Saturday, December 30, 2006

The Specter of Deflation

I have said before that deflation seems the most likely outcome of the current path the U.S. housing market seems to be on.

It comes down to spending. Americans do a lot of it, mostly on credit. This presents a problem. Over the last few years home prices in the U.S. have skyrocketed. This led to a psychological phenomenon we called the ‘wealth effect’.
Equity extraction, (liberation of that extra home value into spend-able cash) resulted and reached historical highs in 2005 and 2006.

The U.S. housing market began to show cracks in 2005 and that signaled an impending end to the equity cash liberation and the spending it was currently fueling.

U.S. domestic spending is 70% of domestic economy. Spending is now anemic and dropping faster than home values.
This is a major choke point addressed in Michael Nystrom’s article. Credit can not expand if no one is borrowing.

Mr. Nystrom goes on to predict how this end to credit expansion will most likely play out as deflation.

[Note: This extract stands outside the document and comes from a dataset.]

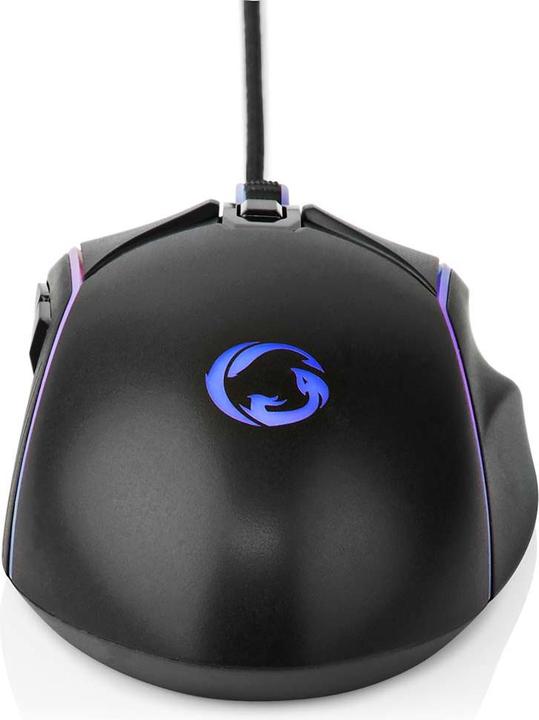 Actual product image Nedis Gaming Mouse | Wired | 800 / 1200 / 2400 / 3200 / 4800 / 7200 dpi | Adjustable DPI | Anz (Cable)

After all, if no one is buying, how does one raise prices on goods?
Vern


This peice on deflation from Bull Not Bull.com
http://www.bullnotbull.com/archive/deflation-1.html

From what we know of economic history, credit expansions lead to economic booms - this much is clear. What comes next is still up for debate. Austrian economist Ludwig von Mises tells us
"The boom can last only as long as the credit expansion progresses at an ever-accelerated pace. The credit expansion boom is built on the sands of banknotes and deposits. It must collapse. There is no means of avoiding the final collapse of a boom brought about by credit expansion."